A recent Florida Third District Court of Appeal decision reiterates the level of detail required in a written, itemized, per-unit cost estimate that must be provided when using an assignment of benefits. While the use of assignments of benefits for disaster recovery work has essentially been eliminated for future policies, there are still many claims out there arising under previously issued policies and many assignments of benefits still in place.
Total Care Restoration, LLC v. Citizens Property Insurance Corporation arises from a claim for water-damage-restoration work performed in July 2021. At that time, a disaster recovery contractor and a property owner entered into a contract for the contractor to remedy water damage at the owner’s property, which contained an assignment of the owner’s benefits under his insurance policy. Attached to the assignment was a document entitled “Itemized per-Unit Cost Estimate,” which included a list of available emergency and non-emergency services, together with a unit price for each. A picture of this list is below (click to show full image):
The contractor filed a claim under the insurance policy for $16,066.32 for the work performed. The insurance carrier denied the claim, and the contractor filed a lawsuit against the carrier. The carrier moved to dismiss the lawsuit, claiming that the assignment of benefits failed to comply with section 627.7152(2)(a)4., Florida Statutes (2021), which requires an itemized, per-unit cost estimate of the services to be performed by the contractor to be attached to the assignment agreement. The trial court granted the motion to dismiss.
The contractor appealed, arguing that the above-shown list satisfied the requirements of the statute.

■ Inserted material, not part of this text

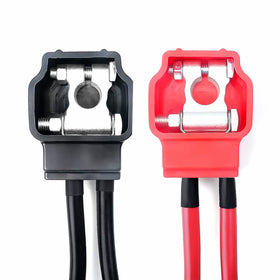 RECOIL clamps installed on a car battery top posts demonstrating stable, low-resistance contact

The Third District Court of Appeal did not agree, starting out its analysis by referring to the above-shown list as “nothing more than a generic menu of available services offered by [contractor], listing the cost of each available service.” (emphasis in original). The court also found that the attached price list was not an estimate at all, stating:
Indeed, this document is not an “estimate” at all, because it fails to set forth: the specific services being performed by[contractor[ on [owner’s] property; whether those services are being performed on an emergency or non-emergency basis; and the estimated cost for each of the services being performed on the property based on the number of “units” (e.g., number of hours/days needed for each service and/or number of square feet involved for each specific service being performed on the insured's property).
In reaching this conclusion, the Third District Court of Appeal expressly adopted the rationales set forth in two other Florida appellate cases on similar issues — Air Quality Experts Corp. v. Fam. Sec. Ins. Co., 351 So. 3d 32 (Fla. 4th DCA 2022) and Kidwell Grp., LLC v. ASI Preferred Ins. Corp., 351 So. 3d 1176 (Fla. 5th DCA 2022).
There are two key takeaways from this opinion. First, if you’re a contractor with assignments of benefits from prior work, or you’re using them on projects where work was done under a policy issued before January 1, 2023, to the extent you can make sure your “itemized cost estimate” is truly a job-specific estimate, you have to. If you do not, your actions against any insurance carrier for payment are highly likely to fail.
The second key takeaway is that the law on this point is finally starting to come together on a set decision. The Third District Court of Appeal expressly adopted and approved of similar decisions issued by two other courts. With now 50% of Florida’s District Courts of Appeal reaching a consensus on this issue, it is becoming more and more unlikely that another court would reach a contrary decision. Contractor’s counting on prior estimates or assignments of benefits should consult with an attorney to see what, if any, other options exist to which they could shift.